**About this exercise**
Drop every picture and copy exactly the lines from the one with "مكلف بالنشر رقم صاحبها اسفل المنشور" through the last line of the listing below.

#### Material for the task

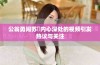 公翁勇闯苏玥内心深处的视频引发热议与关注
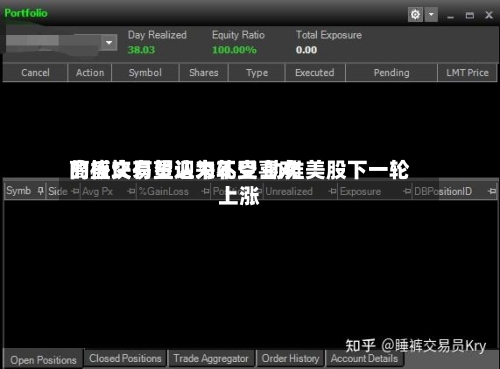 高盛交易员认为不受喜欢的板块有望迎来轧空 助推美股下一轮上涨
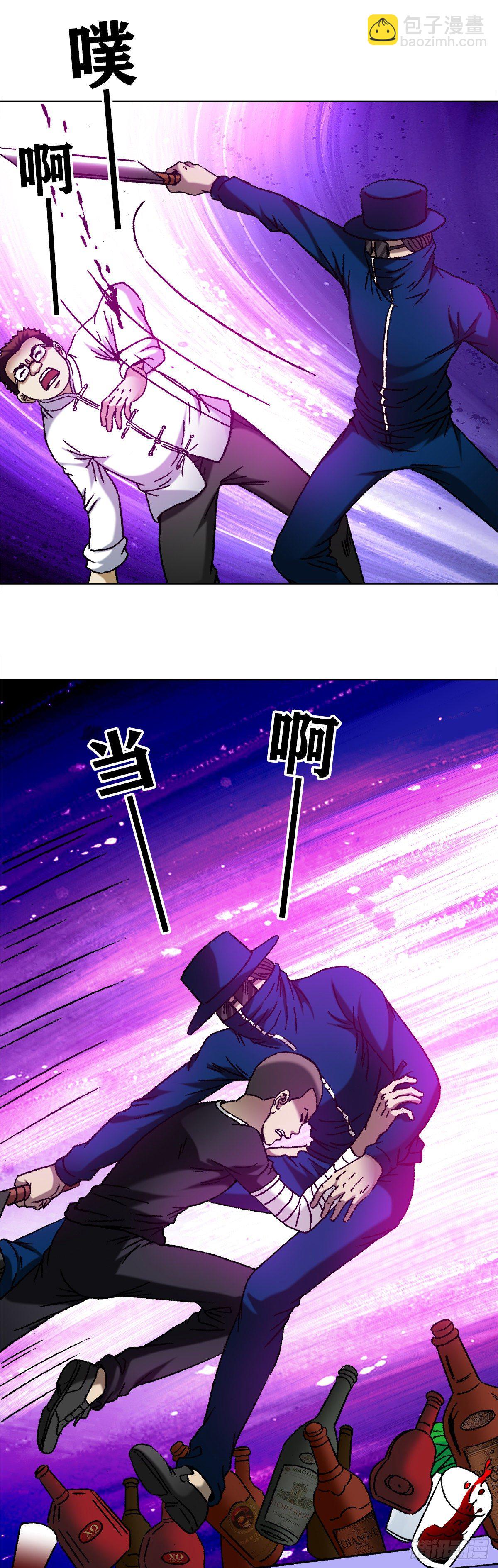 1168 暗杀5
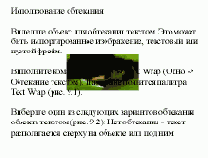 ���� ������� ������� Invert �����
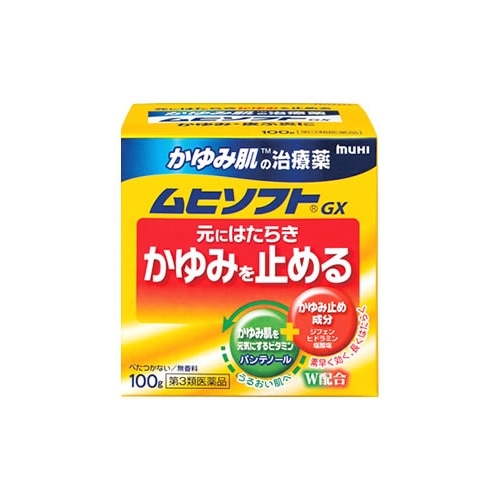 【第3類医薬品】池田模範堂 かゆみ肌の治療薬 ムヒソフトGX (100g) 【セルフメディケーション税制対象商品】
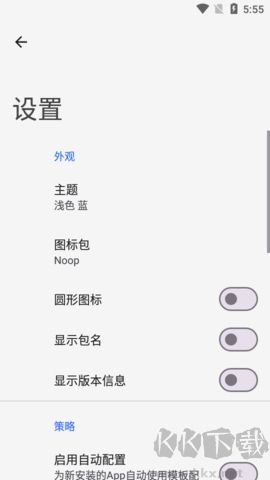 Thanox(權(quán)限管理)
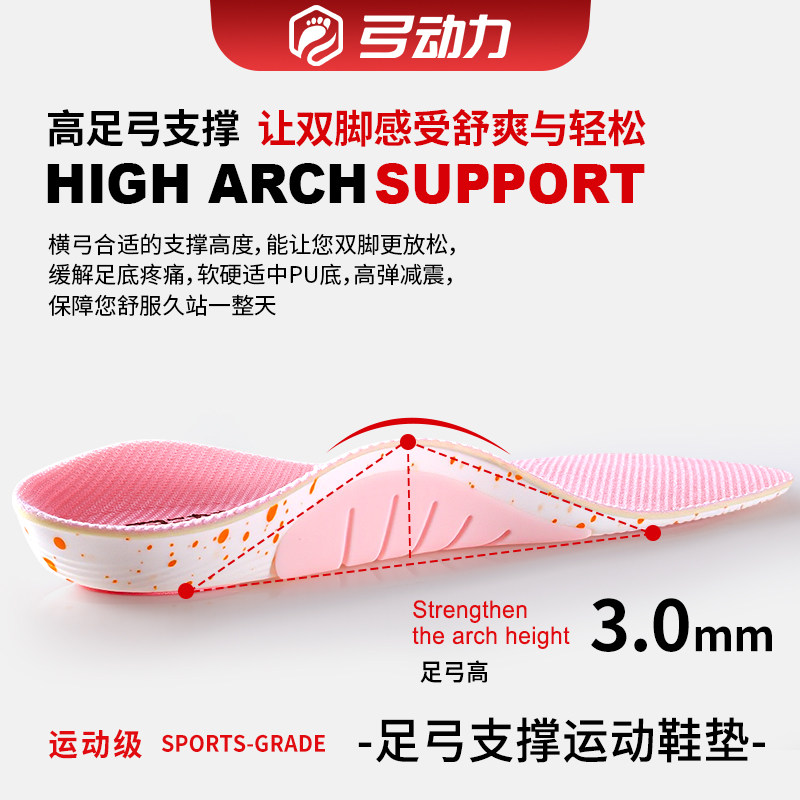 专业足弓支撑鞋垫女款硬质久站不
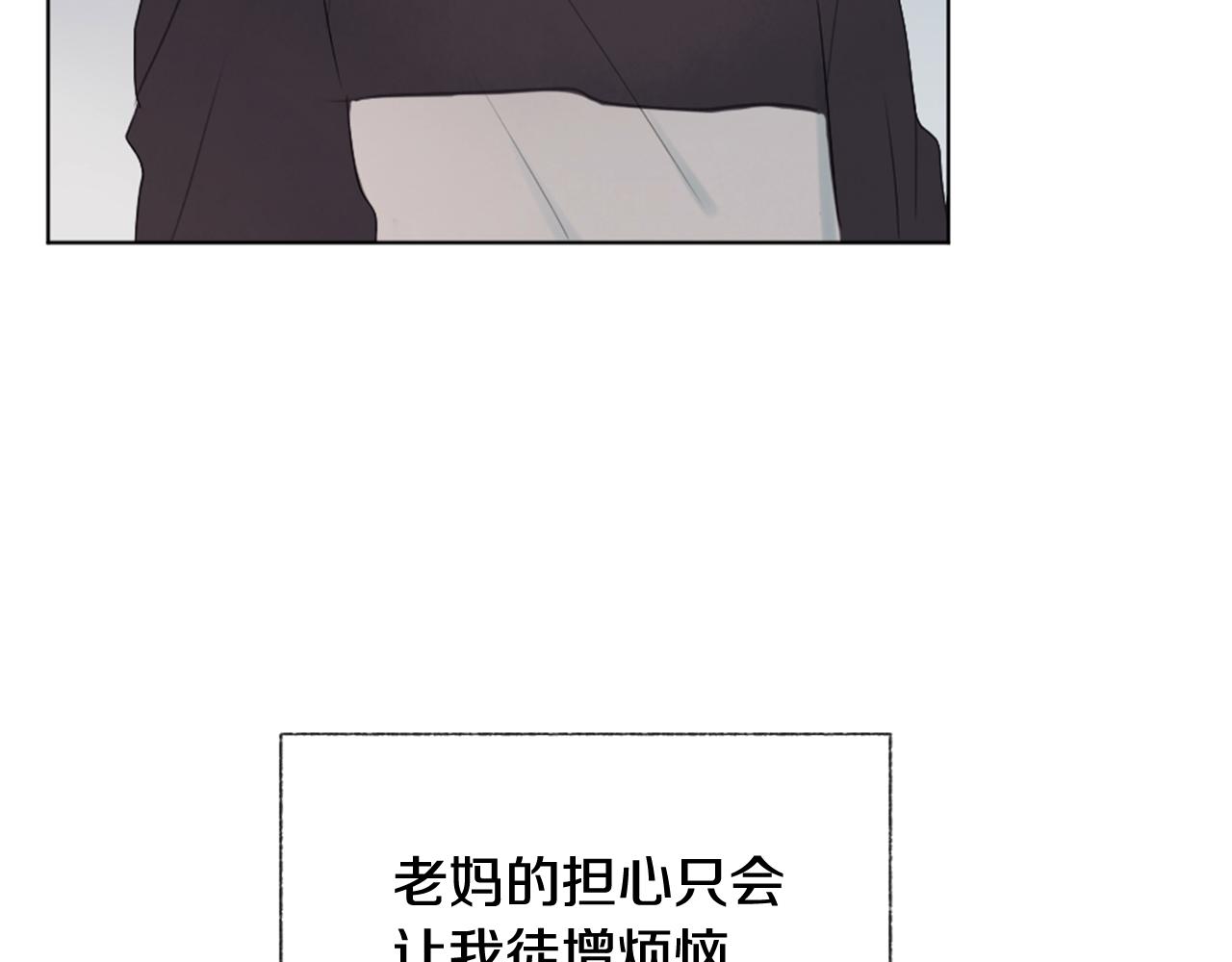 第14话 不同的关心26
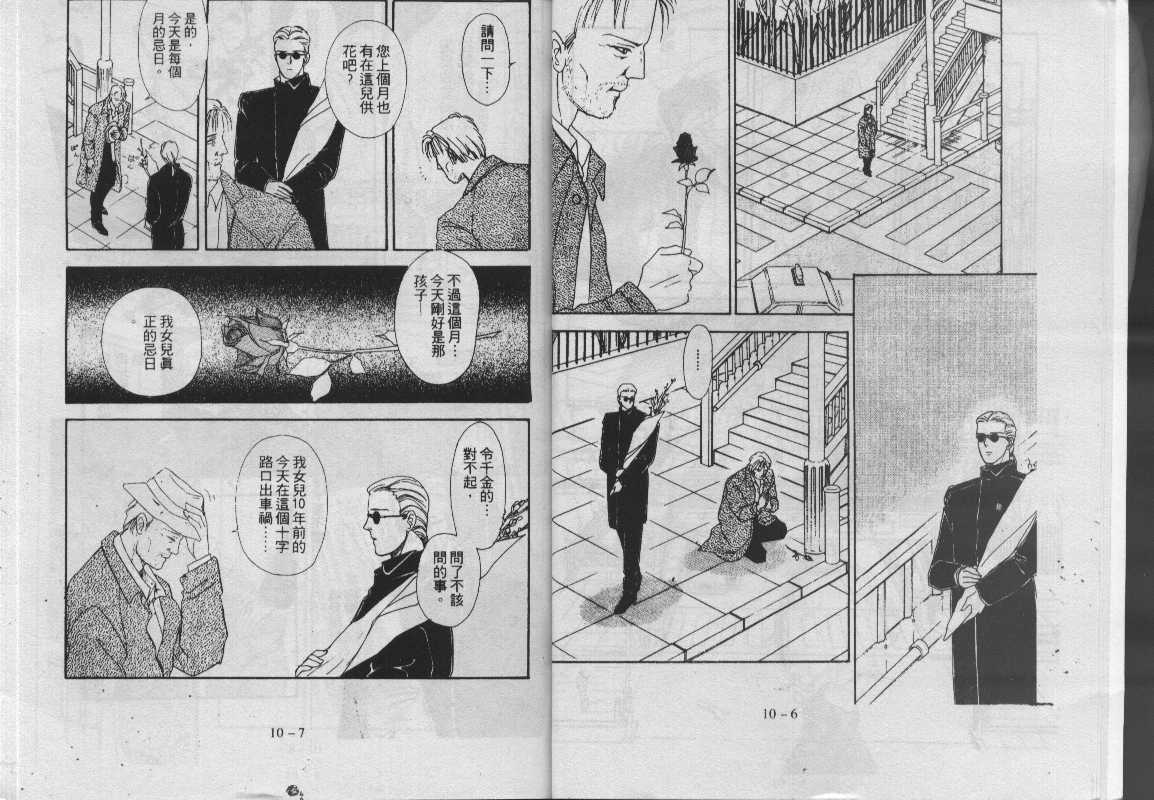灵感商法公司韩漫全集-vol_10无删减无遮挡章节图片 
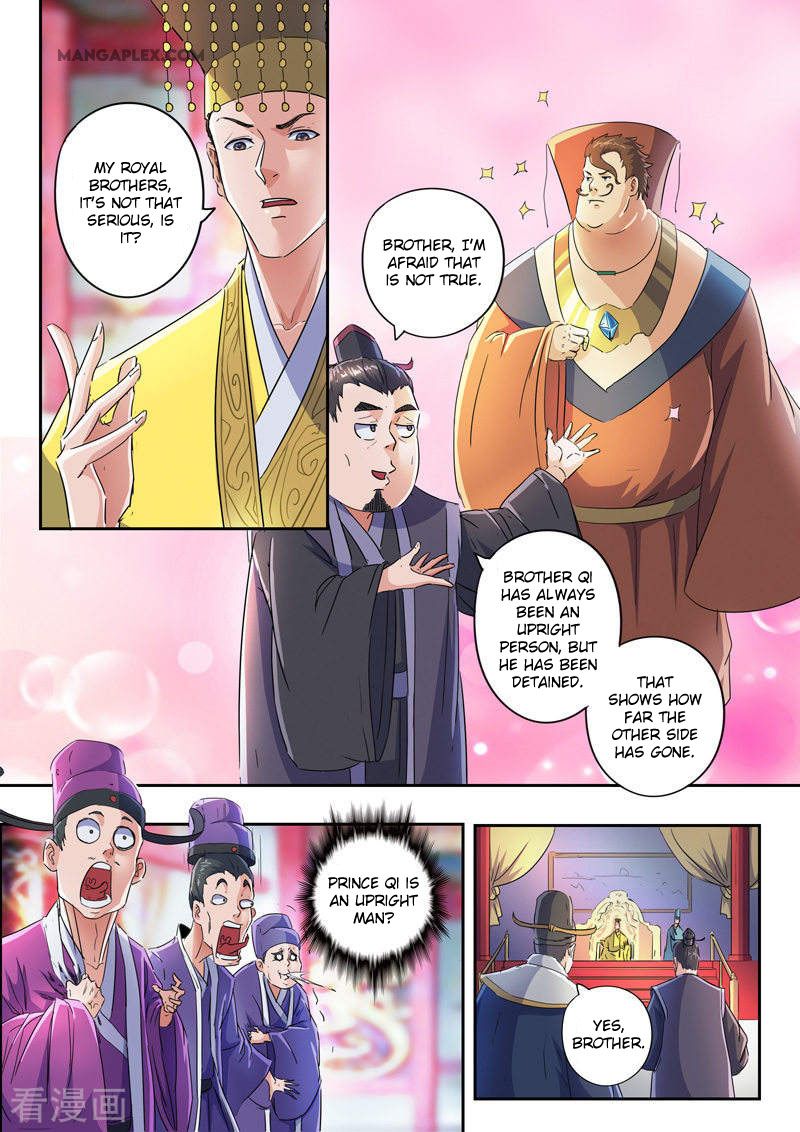 Page 3 of Chapter 412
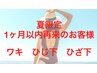 【夏限定キャンペーン】1ヶ月以内にご来店のお客様限定/２回目以降もお得に♪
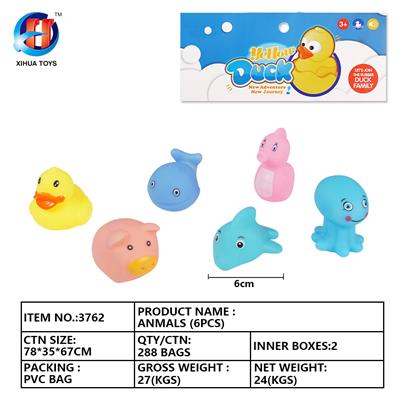 动物六只装 - OBL764918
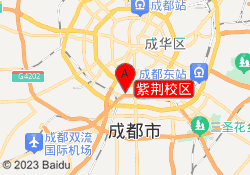 紫荆校区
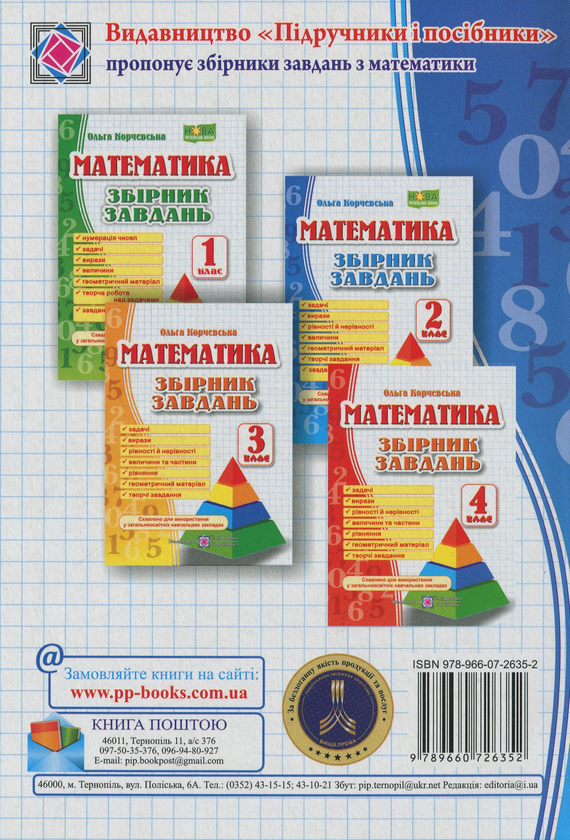 Бумажная книга «Математика. 2 клас. Збірник завдань », автор Ольга Корчевская - фото №1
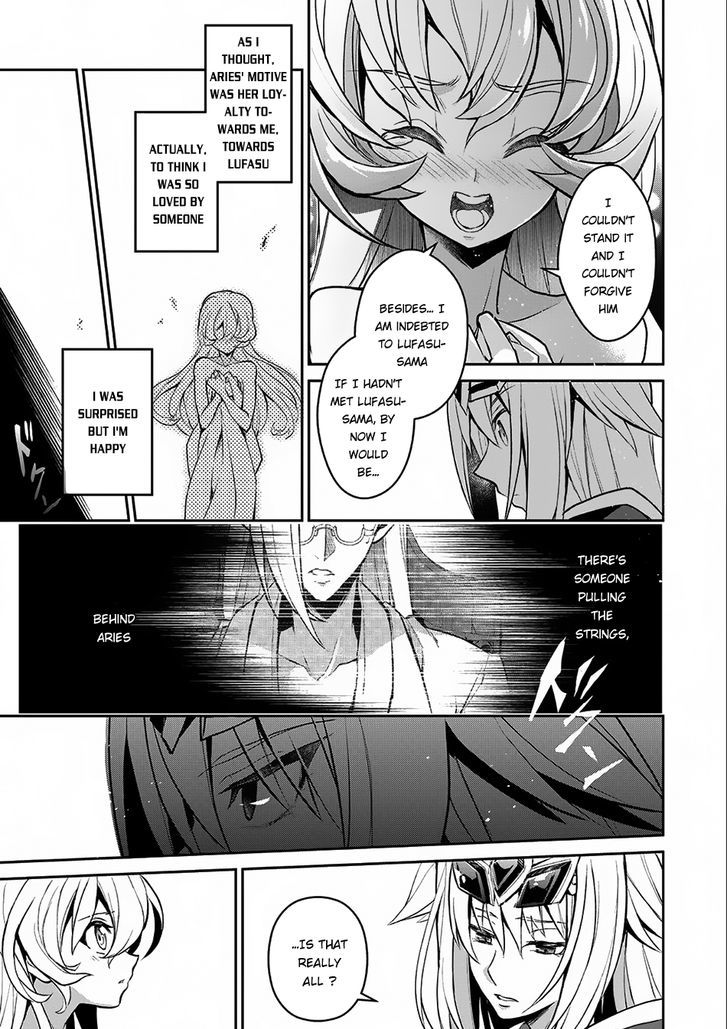 Yasei No Last Boss Ga Arawareta Chapter 6 Page 12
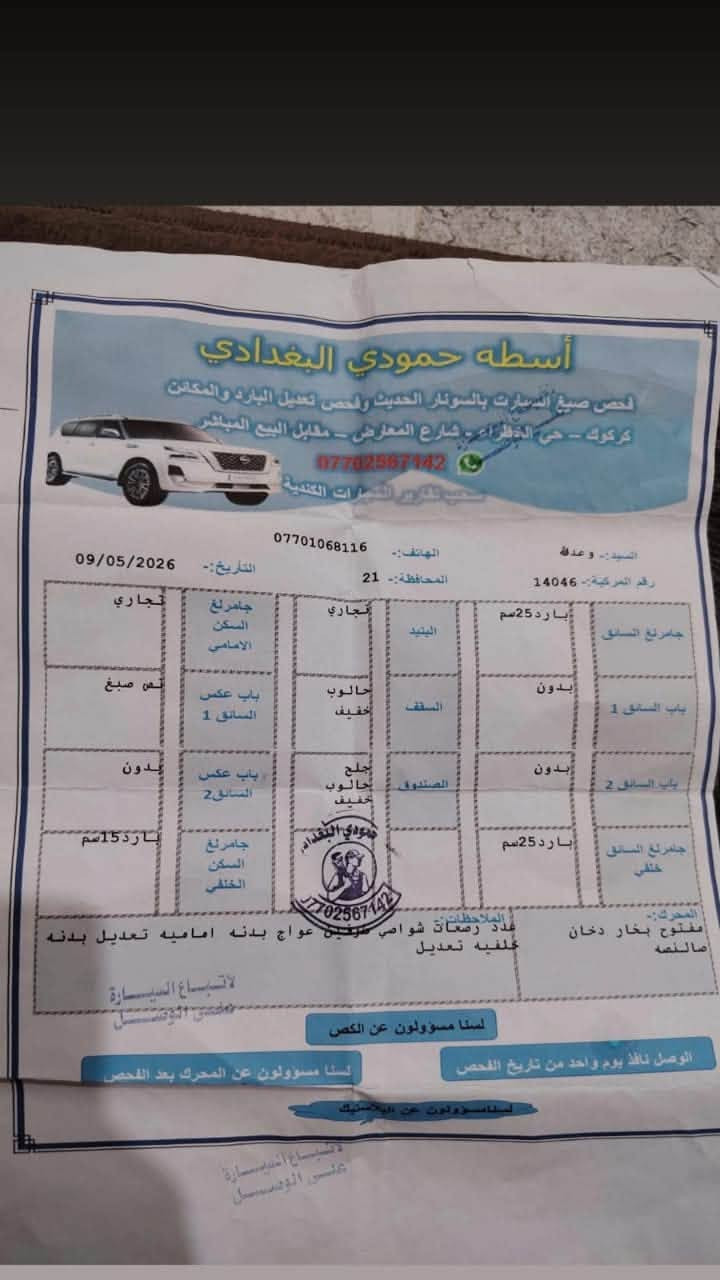السلام عليكم 
مكلف بالنشر رقم صاحبها اسفل المنشور 
خاص ماعندي 
شوفرليت افيكا 
موديل 2009
رقم سليمانيه جديد 
السيارة جاهزة ماتحتاج اي مصرف 
السونار مرفق مع الصور 
#السعر 70
***********
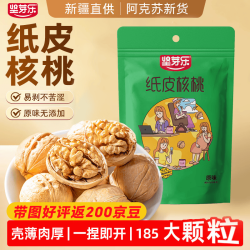 坚芽乐 新疆 纸皮核桃 1斤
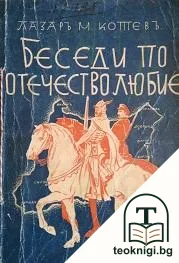 Беседи по отечестволюбие — корица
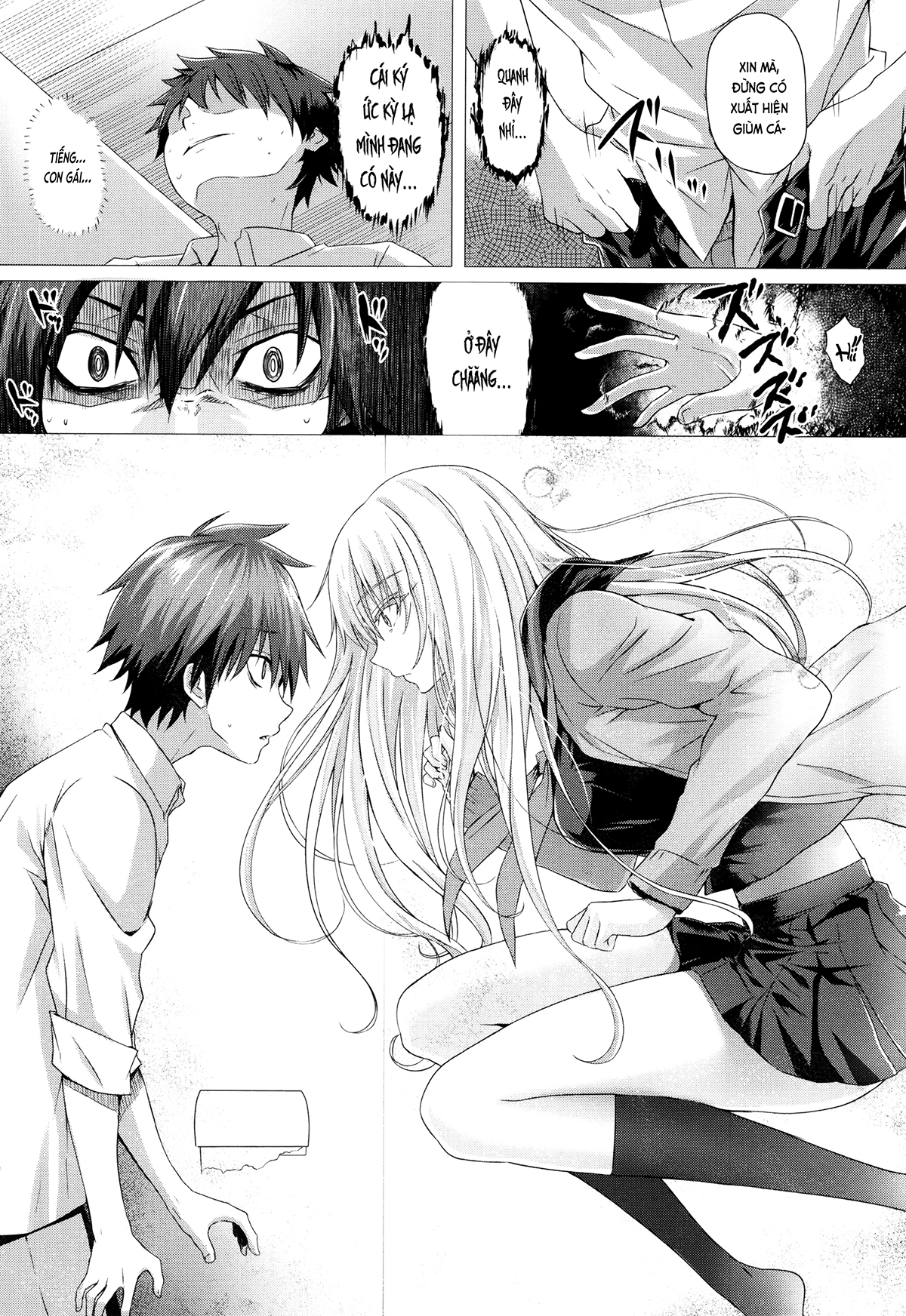 Đọc truyện hentai Lần đầu với ma - Lần đầu với ma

########

**Output below**
مكلف بالنشر رقم صاحبها اسفل المنشور 
خاص ماعندي 
شوفرليت افيكا 
موديل 2009
رقم سليمانيه جديد 
السيارة جاهزة ماتحتاج اي مصرف 
السونار مرفق مع الصور 
#السعر 70
***********
 坚芽乐 新疆 纸皮核桃 1斤
 Беседи по отечестволюбие — корица
 Đọc truyện hentai Lần đầu với ma - Lần đầu với ma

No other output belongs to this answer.